Sparse tensor algebra is an important computation kernel in many popular applications, such as image classification and language processing. The sparsity in such kernels motivates the development of many sparse tensor accelerators. However, despite the abundant existing proposals, there has not been a systematic way to understand, model, and develop sparse tensor accelerators.

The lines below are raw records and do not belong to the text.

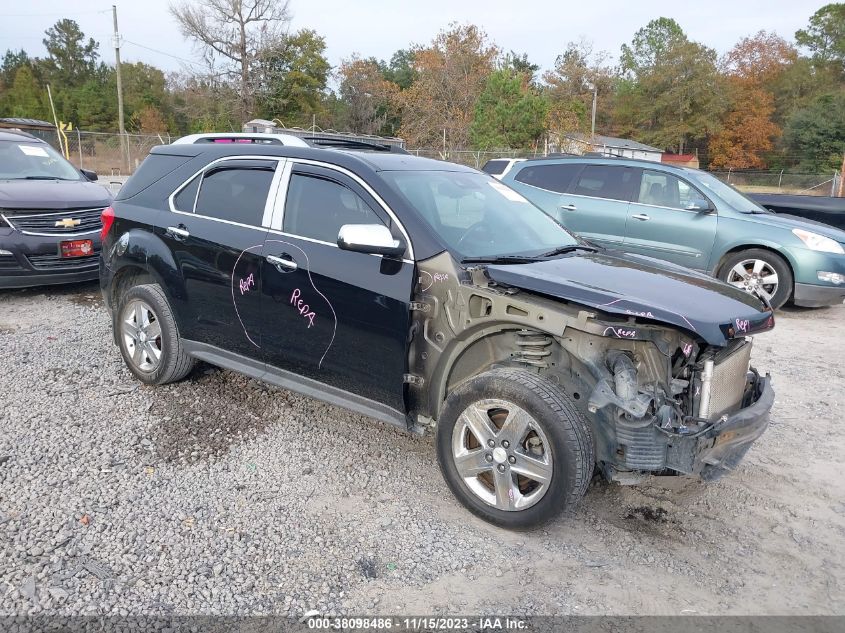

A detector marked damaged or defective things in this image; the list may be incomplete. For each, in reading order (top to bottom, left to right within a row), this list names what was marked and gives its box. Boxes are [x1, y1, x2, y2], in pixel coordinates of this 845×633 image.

damaged front end of suv [406, 248, 776, 484]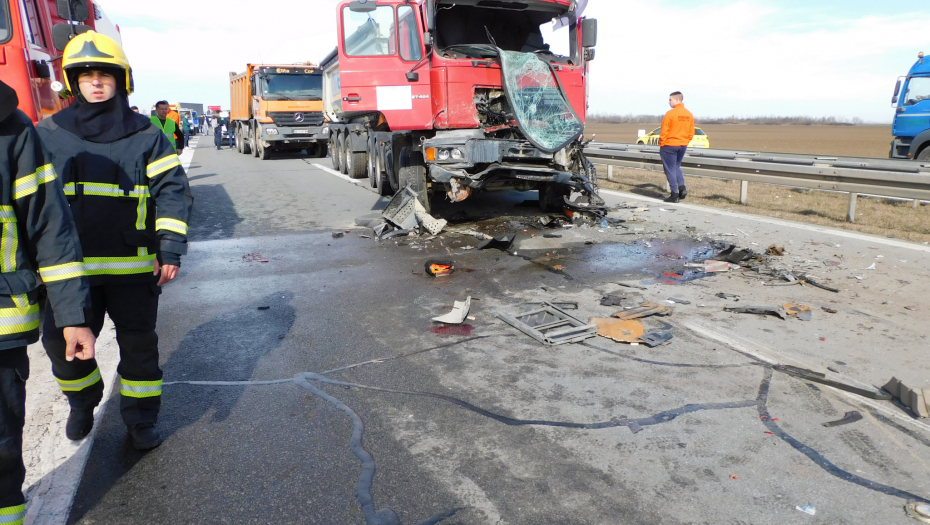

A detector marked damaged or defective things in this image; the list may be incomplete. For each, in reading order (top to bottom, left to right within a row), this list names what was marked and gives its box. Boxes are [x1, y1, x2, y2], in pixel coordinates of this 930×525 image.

crushed truck cab [228, 63, 330, 159]
crushed truck cab [322, 0, 600, 213]
damaged red truck [324, 0, 600, 213]
shattered windshield [500, 50, 580, 152]
broken vehicle parts [496, 300, 600, 346]
broken vehicle parts [820, 410, 864, 426]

To address the above limitations, we first present a well-defined taxonomy of sparsity-related acceleration features to allow a systematic understanding of the sparse tensor accelerator design space. Based on the taxonomy, we propose Sparseloop, the first analytical modeling tool for fast, accurate, and flexible evaluations of sparse tensor accelerators, enabling early-stage exploration of the large and diverse design space. Employing Sparseloop, we search the design space and present an efficient and flexible deep neural network (DNN) accelerator that accelerates DNNs with a novel sparsity pattern, called hierarchical structured sparsity, with the key insight that we can efficiently accelerate diverse degrees of sparsity by having them hierarchically composed of simple sparsity patterns.

Speaker

Nellie Wu

Nellie Wu is a PhD Candidate in Electrical Engineering and Computer Science at Massachusetts Institute of Technology, advised by Professor Joel Emer and Professor Vivienne Sze. Wu received an MS in Electrical Engineering and Computer Science from MIT, and a BA in Electrical Engineering and Computer Science from Cornell University. Her current research interests include computer architecture and computer systems. More specifically, modeling and designing energy-efficient hardware accelerators for data and computation-intensive tensor algebra applications, such as deep neural networks and scientific simulations.